In other cases, LA+Seller gets multiple high bid offers and they are negotiating with top 4 or 5 bids. If someone responds with an offer, LA never care, unless the offer is above these top offers.

The only mischief LA do is tip tentative high offer range to his/her favorite persons and ask them to write an offer above the highest offer. Then, they re-tip to another party verbally back and forth to hike the offer price. In some cases, where 25 offers are there, it is very common to tip two or more parties to hike the prices.

That is the main reason, I always avoid Redfin Hot Homes which results easily 10+ offers on the table and multiple rounds of negotiations happening there.


#334

We need regulatory live auctions & second pricing.


#335

Buyers need more housing built. The bidding process is not the problem. Lack of supply is…


#336

Buyers/Sellers apply signatures more than 100 in final closing, but almost 300-500 signatures between contract and final closing. Every signature was introduced by some regulations !

There are plenty of rules/regulations, like IRS tax rules, for real estate.

Do not derive rules based on the statements we provide ! As long as humans are handling, every rule is overlooked or bypassed or managed in such a way not challenged in court !

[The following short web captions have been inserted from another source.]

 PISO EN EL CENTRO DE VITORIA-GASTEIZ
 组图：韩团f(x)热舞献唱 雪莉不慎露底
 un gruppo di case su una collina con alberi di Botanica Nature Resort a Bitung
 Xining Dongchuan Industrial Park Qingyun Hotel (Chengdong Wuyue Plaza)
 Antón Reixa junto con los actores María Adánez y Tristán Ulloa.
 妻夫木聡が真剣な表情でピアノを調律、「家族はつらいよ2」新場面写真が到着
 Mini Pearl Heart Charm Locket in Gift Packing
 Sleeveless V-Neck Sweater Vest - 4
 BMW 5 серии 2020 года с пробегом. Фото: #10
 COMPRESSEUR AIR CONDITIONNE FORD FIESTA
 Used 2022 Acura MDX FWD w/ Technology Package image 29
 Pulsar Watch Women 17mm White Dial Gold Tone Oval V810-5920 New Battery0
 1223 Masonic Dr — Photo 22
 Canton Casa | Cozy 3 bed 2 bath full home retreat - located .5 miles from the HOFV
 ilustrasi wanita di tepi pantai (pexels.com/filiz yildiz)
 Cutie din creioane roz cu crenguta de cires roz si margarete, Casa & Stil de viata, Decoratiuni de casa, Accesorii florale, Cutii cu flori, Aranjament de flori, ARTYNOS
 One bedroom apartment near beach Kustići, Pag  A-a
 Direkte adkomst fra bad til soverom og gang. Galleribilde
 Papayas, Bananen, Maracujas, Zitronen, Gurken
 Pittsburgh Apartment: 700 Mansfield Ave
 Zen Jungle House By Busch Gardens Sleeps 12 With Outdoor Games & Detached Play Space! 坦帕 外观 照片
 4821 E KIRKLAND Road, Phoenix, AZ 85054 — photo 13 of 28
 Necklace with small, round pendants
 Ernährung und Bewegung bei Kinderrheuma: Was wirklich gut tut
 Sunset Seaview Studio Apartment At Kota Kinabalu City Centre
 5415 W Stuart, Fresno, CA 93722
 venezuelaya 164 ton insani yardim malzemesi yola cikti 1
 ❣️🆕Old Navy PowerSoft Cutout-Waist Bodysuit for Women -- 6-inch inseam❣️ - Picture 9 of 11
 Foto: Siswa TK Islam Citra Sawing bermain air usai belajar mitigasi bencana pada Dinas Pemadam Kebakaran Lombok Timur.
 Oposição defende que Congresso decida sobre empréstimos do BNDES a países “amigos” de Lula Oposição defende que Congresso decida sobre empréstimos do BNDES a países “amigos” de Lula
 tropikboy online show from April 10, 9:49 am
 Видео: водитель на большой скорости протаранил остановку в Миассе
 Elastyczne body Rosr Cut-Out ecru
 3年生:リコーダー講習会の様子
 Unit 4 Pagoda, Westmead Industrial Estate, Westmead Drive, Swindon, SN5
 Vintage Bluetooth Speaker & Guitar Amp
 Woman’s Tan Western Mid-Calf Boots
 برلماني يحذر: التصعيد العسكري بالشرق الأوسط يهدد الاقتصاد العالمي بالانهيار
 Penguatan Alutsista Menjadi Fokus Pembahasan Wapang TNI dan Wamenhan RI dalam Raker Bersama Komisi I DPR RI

They are bound to happen. Assume this is the world we live in,think how to proceed further and make it work !


#337

Meh. The market is still distorted by the agents, even though buyers scramble to buy.
There’s no reason one should pay for a house 200K more than the next best offer. But this happens, and it becomes a “comp” for the next sale. People don’t approach SFR rationally, so they’d be willing to pay 3M even if that means living paycheck to paycheck. Say all you will about the situation, but this is reality. When an agent pressures you into overpaying (i mean, he doesn’t know the sale price in advance, so he’s making a “comfortable” guesss), someone obeys. The next sale has to, because now “it’s a comp”.


#338

Like it or not, this is the “science” of pricing for houses today in Bay Area.


#339

The scenario described is the seller’s real asking price. Any buyer can choose not to participate.


#340

I understand where you are coming from. You don’t want to throw away your hard earned money because some agent tells you to. But the reality is even in 2012 when the market just started picking back up, I was losing on my bids until I paid 100K above what I estimated to be the highest price. I had to go that much above the prevailing market price to get the house. It felt irrational but after wring 40 offers I was fed up. Now 6 years later it’s still the same or worse. I don’t think a recession or slowdown will change the scenario that much because of the limited land availability here. There are so many people waiting for the housing price slowdown that by itself will make sure the slowdown won’t ever materialize.


#341

No i am not waiting for it to slow down, there is plenty of money here, but i have seen this happen multiple times, in one case know the agent that overpaid 200K more to get a house. I am talking about market inefficiency, and illiquidity.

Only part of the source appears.